"Rare" Fluctuation Effects in the Anderson Model of Localization
R.N. Bhatt, S. Johri

TL;DR
This paper investigates how rare fluctuation effects, particularly resonant states, influence eigenstate behavior in the Anderson model of localization, revealing anomalous properties across different disorder regimes and dimensions.
Contribution
It presents numerical evidence of resonant state effects causing anomalous eigenstate behavior in the Anderson model, emphasizing the significance beyond Lifshitz tails and across dimensions.
Findings
Resonant states lead to non-analytic eigenstate properties.
Anomalous behavior occurs for a substantial fraction of eigenstates.
Dimensionality influences the nature of singularities.
Abstract
We discuss the role of rare fluctuation effects in quantum condensed matter systems.

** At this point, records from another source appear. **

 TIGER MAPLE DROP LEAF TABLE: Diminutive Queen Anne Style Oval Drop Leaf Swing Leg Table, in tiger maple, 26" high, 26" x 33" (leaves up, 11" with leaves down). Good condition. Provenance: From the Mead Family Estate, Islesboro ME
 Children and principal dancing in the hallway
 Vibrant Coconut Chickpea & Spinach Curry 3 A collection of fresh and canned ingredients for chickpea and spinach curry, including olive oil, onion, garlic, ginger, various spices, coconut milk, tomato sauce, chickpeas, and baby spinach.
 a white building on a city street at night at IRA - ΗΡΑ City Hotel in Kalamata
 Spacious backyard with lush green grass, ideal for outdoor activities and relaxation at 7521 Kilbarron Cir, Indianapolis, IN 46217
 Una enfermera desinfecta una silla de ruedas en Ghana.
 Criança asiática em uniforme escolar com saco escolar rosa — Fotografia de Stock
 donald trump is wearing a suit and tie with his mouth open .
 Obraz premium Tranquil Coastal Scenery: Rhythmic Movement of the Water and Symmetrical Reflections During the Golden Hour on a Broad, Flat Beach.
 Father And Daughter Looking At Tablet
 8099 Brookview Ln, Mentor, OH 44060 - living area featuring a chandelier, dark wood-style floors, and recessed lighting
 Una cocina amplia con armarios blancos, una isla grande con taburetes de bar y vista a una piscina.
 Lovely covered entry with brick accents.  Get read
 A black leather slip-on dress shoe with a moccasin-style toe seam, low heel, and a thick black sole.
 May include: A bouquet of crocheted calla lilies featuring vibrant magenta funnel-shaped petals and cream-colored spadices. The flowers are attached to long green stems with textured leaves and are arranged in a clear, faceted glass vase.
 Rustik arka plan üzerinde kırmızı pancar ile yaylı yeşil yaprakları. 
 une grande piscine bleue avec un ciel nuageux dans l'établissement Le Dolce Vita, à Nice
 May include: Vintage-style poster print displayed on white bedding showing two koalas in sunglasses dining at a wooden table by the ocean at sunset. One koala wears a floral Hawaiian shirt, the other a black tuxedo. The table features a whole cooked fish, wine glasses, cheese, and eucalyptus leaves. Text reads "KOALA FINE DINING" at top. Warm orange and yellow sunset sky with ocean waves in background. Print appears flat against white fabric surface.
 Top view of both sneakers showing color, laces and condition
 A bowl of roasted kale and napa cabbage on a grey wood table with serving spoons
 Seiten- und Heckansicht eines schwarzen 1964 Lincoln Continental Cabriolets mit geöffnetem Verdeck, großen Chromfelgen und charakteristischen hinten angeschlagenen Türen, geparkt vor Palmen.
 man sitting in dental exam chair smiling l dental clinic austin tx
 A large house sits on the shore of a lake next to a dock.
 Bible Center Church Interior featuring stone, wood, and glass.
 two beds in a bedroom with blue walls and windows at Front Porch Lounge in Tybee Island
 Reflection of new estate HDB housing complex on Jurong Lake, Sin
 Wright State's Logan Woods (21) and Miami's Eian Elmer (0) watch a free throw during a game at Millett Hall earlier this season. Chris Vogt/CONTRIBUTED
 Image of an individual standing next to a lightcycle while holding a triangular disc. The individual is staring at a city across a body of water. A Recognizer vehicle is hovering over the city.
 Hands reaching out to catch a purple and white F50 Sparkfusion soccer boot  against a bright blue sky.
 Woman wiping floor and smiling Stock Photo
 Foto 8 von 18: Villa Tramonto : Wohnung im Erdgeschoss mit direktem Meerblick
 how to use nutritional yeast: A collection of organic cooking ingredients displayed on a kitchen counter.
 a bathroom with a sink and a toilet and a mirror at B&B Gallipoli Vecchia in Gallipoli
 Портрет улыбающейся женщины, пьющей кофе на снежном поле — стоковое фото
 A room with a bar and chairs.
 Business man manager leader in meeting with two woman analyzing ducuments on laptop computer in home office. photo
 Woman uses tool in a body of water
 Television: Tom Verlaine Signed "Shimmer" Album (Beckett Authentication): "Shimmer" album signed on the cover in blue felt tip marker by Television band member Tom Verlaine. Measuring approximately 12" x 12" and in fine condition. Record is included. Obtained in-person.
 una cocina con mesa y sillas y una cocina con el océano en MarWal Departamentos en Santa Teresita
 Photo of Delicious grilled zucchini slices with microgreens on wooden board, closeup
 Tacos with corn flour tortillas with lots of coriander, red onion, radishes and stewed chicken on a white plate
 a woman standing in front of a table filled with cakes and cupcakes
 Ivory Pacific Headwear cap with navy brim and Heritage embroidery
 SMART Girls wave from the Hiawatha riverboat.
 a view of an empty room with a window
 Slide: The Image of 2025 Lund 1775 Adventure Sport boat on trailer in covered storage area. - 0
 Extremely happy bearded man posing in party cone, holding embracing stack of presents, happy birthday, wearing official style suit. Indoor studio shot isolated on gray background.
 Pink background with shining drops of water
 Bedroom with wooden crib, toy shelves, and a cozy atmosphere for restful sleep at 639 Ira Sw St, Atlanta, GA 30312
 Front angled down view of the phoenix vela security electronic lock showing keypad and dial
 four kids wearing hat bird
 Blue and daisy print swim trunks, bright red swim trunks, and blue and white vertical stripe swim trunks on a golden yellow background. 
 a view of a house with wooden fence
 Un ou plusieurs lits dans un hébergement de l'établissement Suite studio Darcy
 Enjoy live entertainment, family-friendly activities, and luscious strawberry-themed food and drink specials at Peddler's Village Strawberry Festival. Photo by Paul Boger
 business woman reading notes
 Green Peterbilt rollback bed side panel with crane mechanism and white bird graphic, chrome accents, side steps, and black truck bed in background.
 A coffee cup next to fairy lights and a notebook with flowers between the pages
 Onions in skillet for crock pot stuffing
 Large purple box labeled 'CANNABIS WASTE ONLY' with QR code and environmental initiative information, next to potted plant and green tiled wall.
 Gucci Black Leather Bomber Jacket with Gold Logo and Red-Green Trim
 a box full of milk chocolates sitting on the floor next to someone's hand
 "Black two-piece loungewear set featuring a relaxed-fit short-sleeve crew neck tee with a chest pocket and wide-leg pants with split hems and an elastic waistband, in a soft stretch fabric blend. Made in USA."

In particular, we present recent numerical results of the effect of resonant states in Anderson's original model of electron localization. We find that such resonances give rise to anomalous behavior of eigenstates not just far in the Lifshitz tail, but rather for a substantial fraction of eigenstates, especially for intermediate disorder. The anomalous behavior includes non-analyticity in various properties as a characteristic. The effect of dimensionality on the singularity, which is present in all dimensions, is described, and the behavior for bounded and unbounded disorder is contrasted.